Work to be completed:
In the records below, take the line with "22311 McArdle Road, Bend, OR 97702" and all lines after it, and copy them exactly, pictures excluded.

- Opening Delimiter -

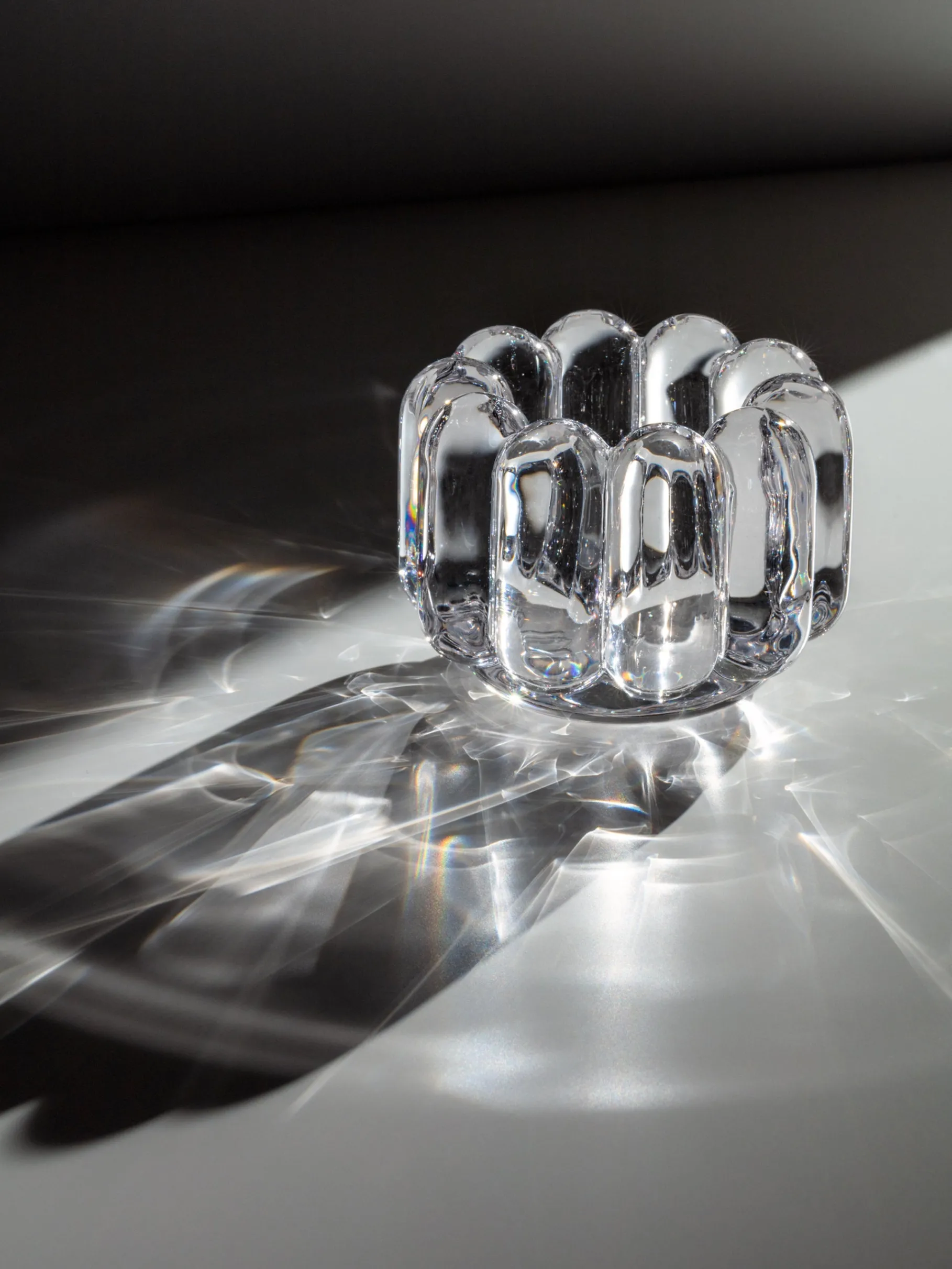 Press Vertical Tealight Holder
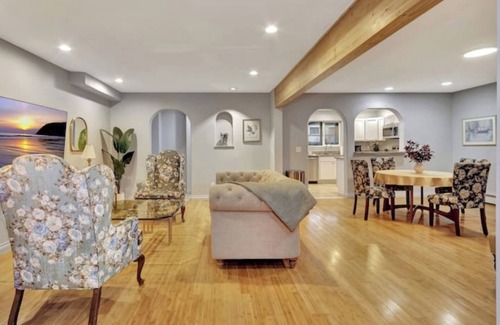 University Area Apartment | Cozy Vintage stay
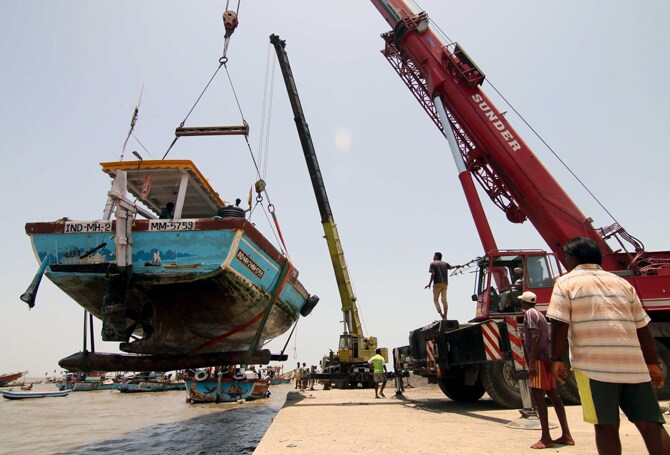 त्यामुळे ३१ जुलैनंतर महाराष्ट्राच्या हद्दीत बाहेरील राज्यातील मासेमारी नौका येऊन मासेमारी करीत होते. त्यामुळे राज्यातील मच्छीमारांचे नुकसान होत होते. तशा तक्रारी राज्यातील मच्छीमारांकडून राज्य सरकारकडे वारंवार केल्या जात होत्या. राज्य सरकारने केंद्र व राज्य सरकारचा मासेमारी बंदी आदेश एकाच कालावधीसाठी ठरविला आहे.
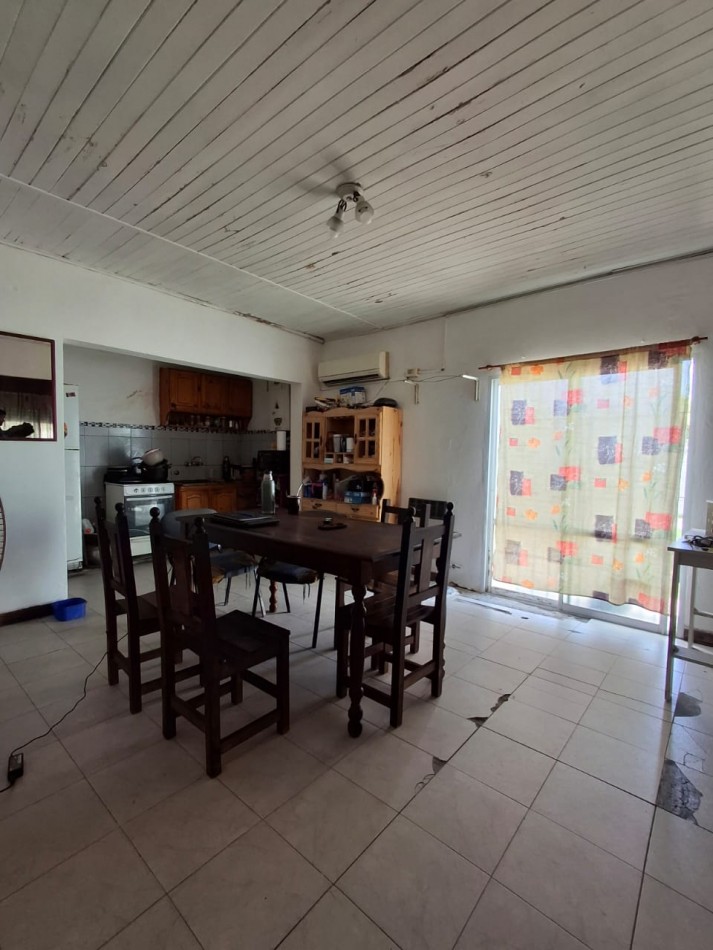 VENDE CASA Y DEPARTAMENTOS!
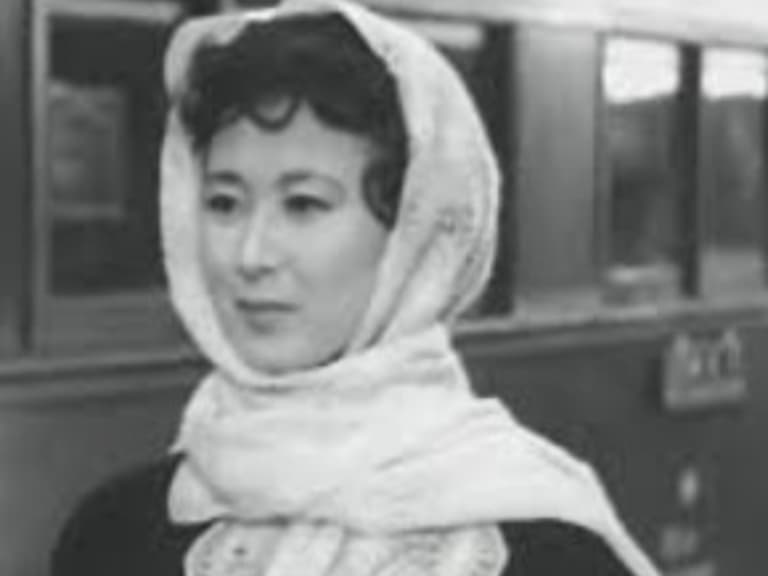 日本傳奇女星岸惠子享壽 93 歲辭世！《你的名字》掀「真知子巻」風潮，跨足日法影壇 70 年！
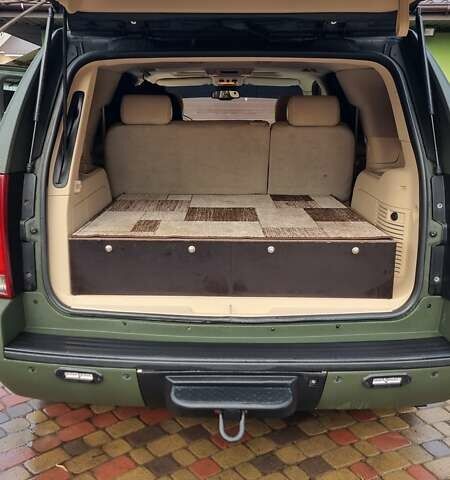 Зеленый Кадиллак Эскалейд, объемом двигателя 6.2 л и пробегом 252 тыс. км за 15000 $, фото 18 на Automoto.ua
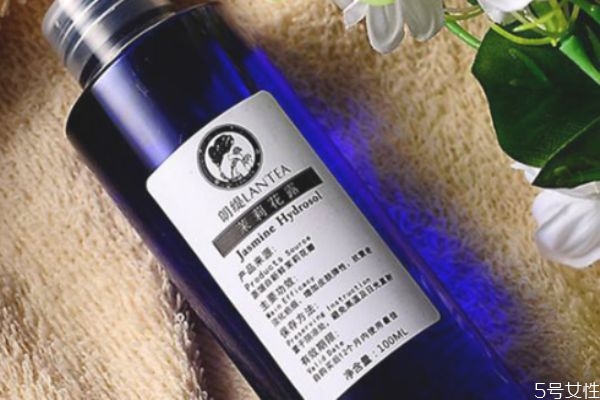 純露放冰箱后再拿出來用不會(huì)變質(zhì)嗎 純露過期了還能用嗎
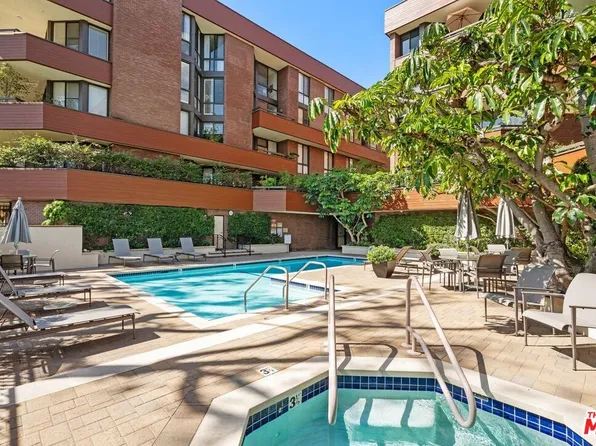 300 N Swall Dr Unit 308, Beverly Hills, CA 90211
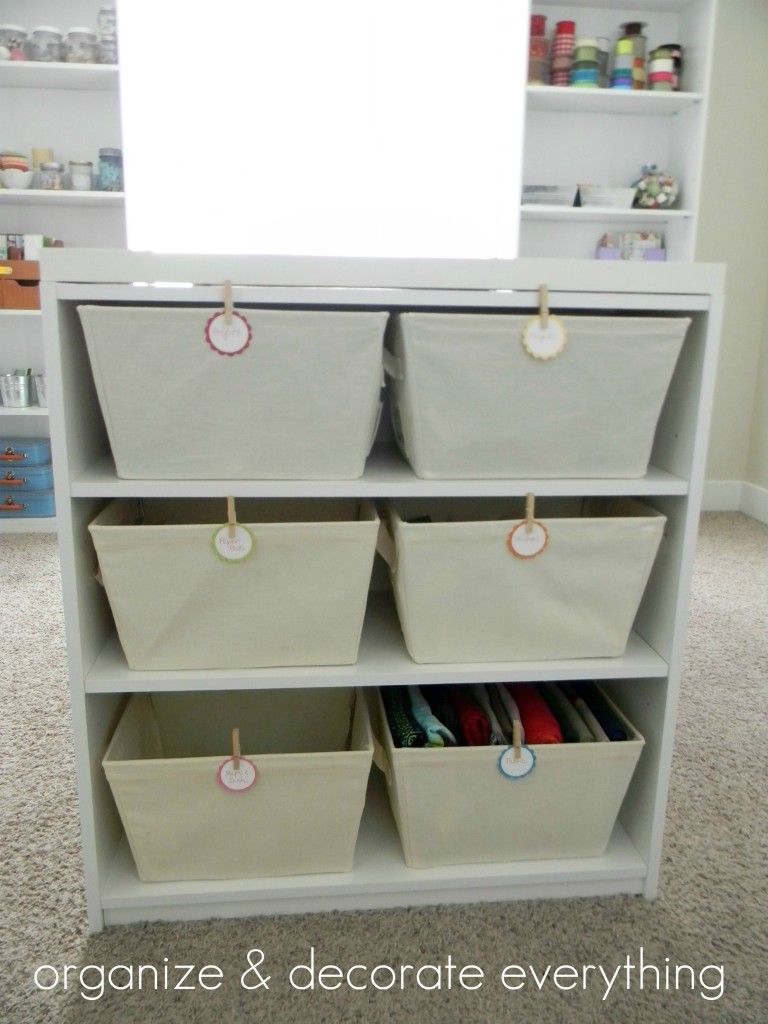 Learn how to build a basket organizer with pallets - grandgoldman.com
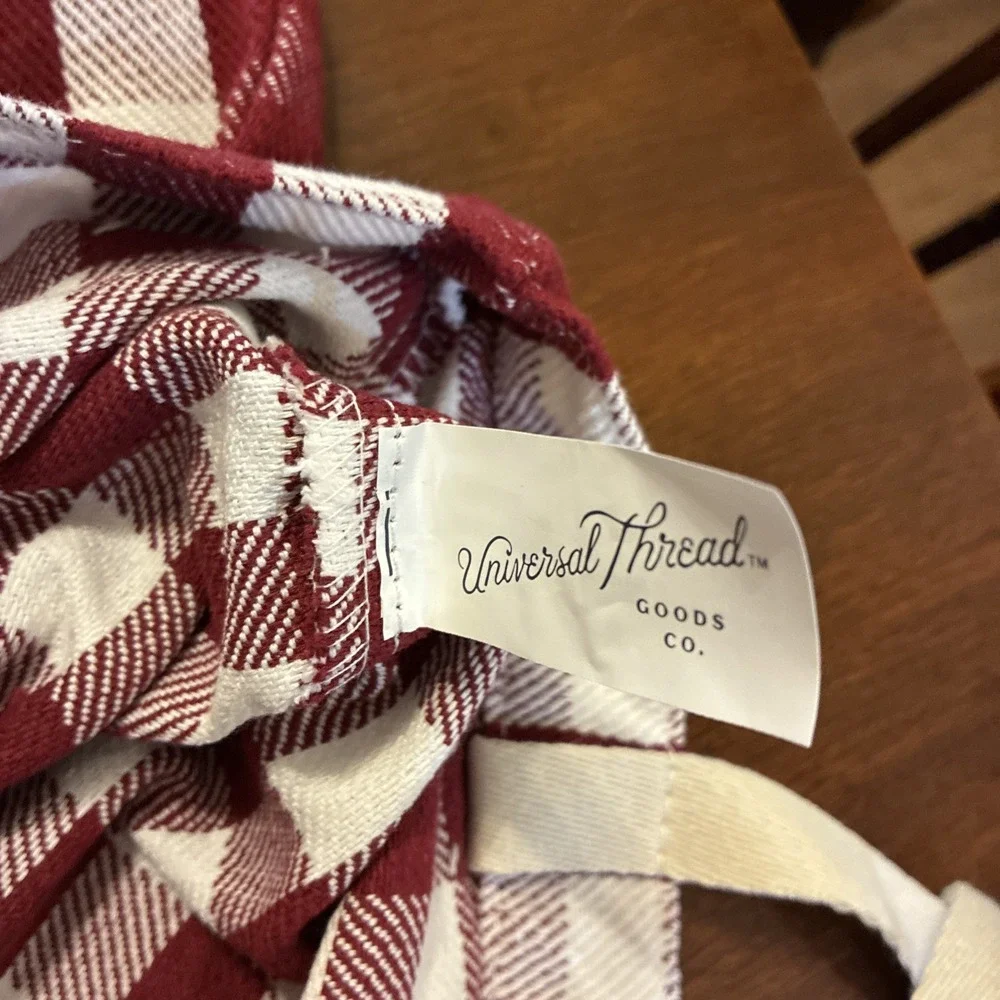 Universal Thread lot four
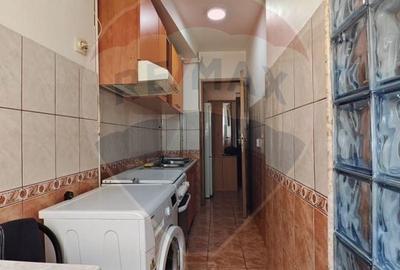 Garsonieră decomandată, mobilată în Craiter - 6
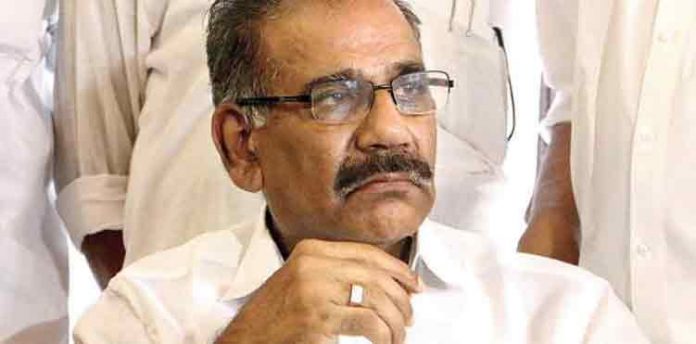 എട്ട് തവണ മത്സരിച്ച ശശീന്ദ്രന് ഇത്തവണ മാറി നില്ക്കണം ; എന്.സി.പി ചേരിപ്പോര് ശക്തം എട്ട് തവണ മത്സരിച്ച ശശീന്ദ്രന് ഇത്തവണ മാറി നില്ക്കണം ; എന്.സി.പി ചേരിപ്പോര് ശക്തം
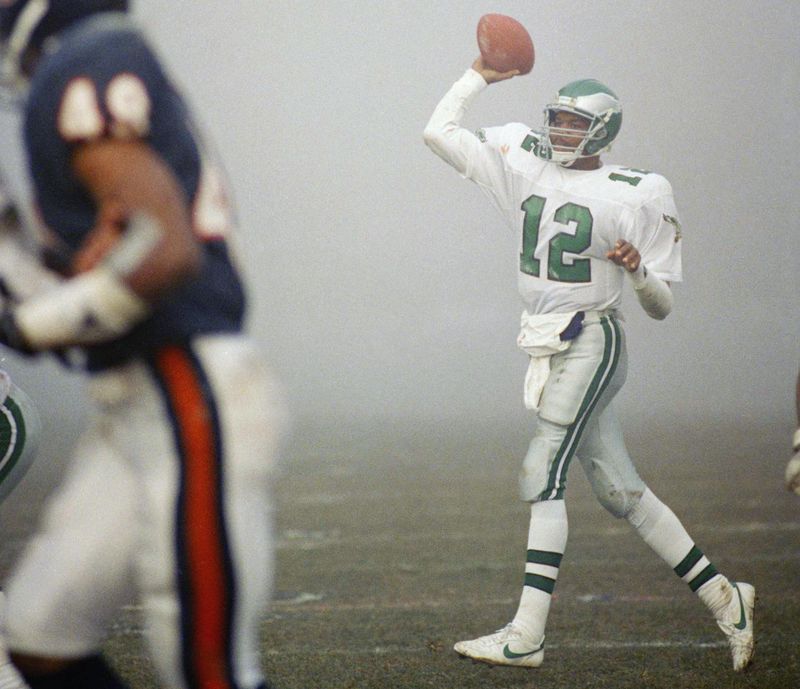 Randall Cunningham throwing against the Chicago Bears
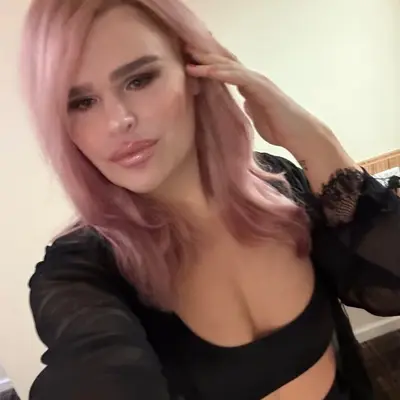 Trans girl Sam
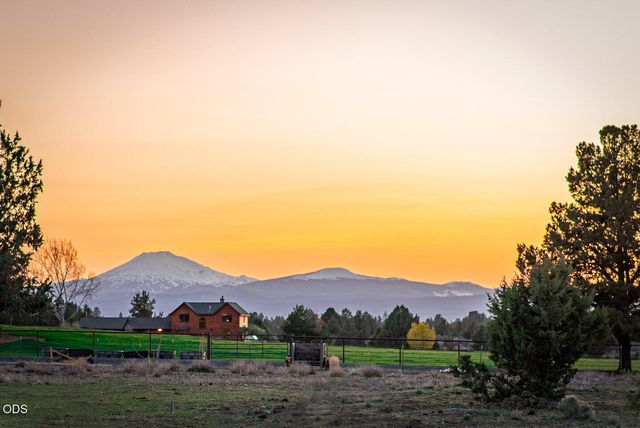 22311 McArdle Road, Bend, OR 97702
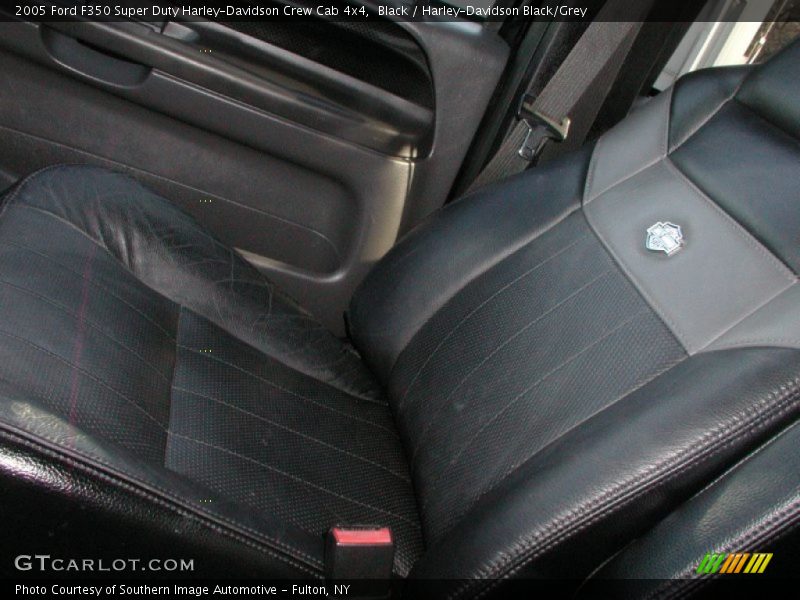  2005 F350 Super Duty Harley-Davidson Crew Cab 4x4 Harley-Davidson Black/Grey Interior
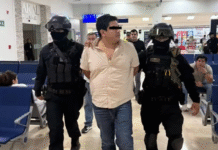 Detienen en aeropuerto a acusado de presunto fraude.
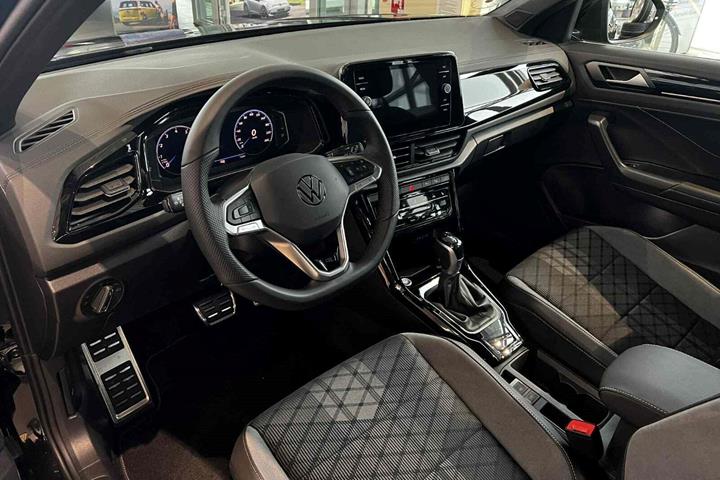 Sort VW T-Roc fra 2026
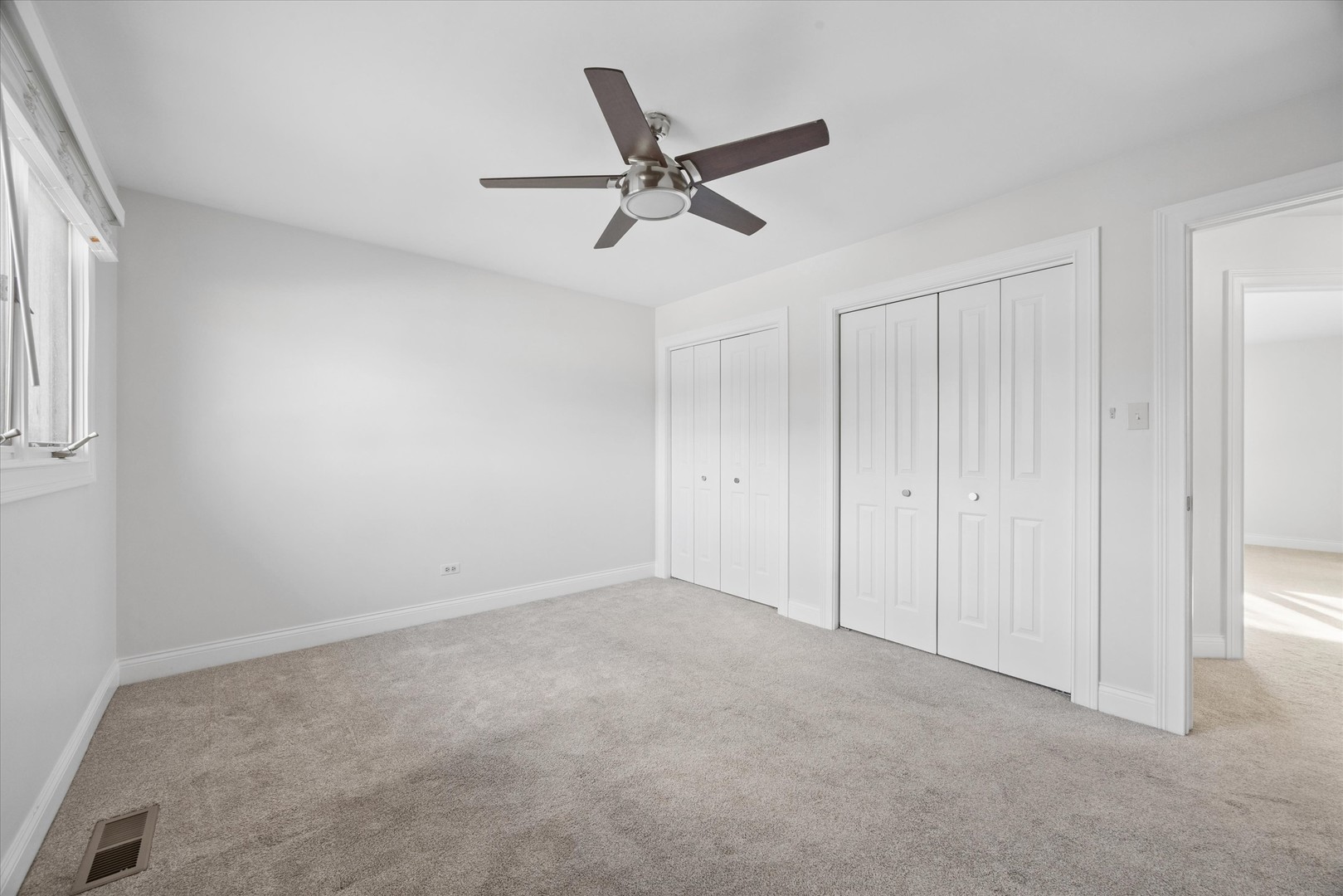 8708 Coventry Drive, Woodridge, IL 60517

- Closing Delimiter -

Output of the exercise:
 22311 McArdle Road, Bend, OR 97702
  2005 F350 Super Duty Harley-Davidson Crew Cab 4x4 Harley-Davidson Black/Grey Interior
 Detienen en aeropuerto a acusado de presunto fraude.
 Sort VW T-Roc fra 2026
 8708 Coventry Drive, Woodridge, IL 60517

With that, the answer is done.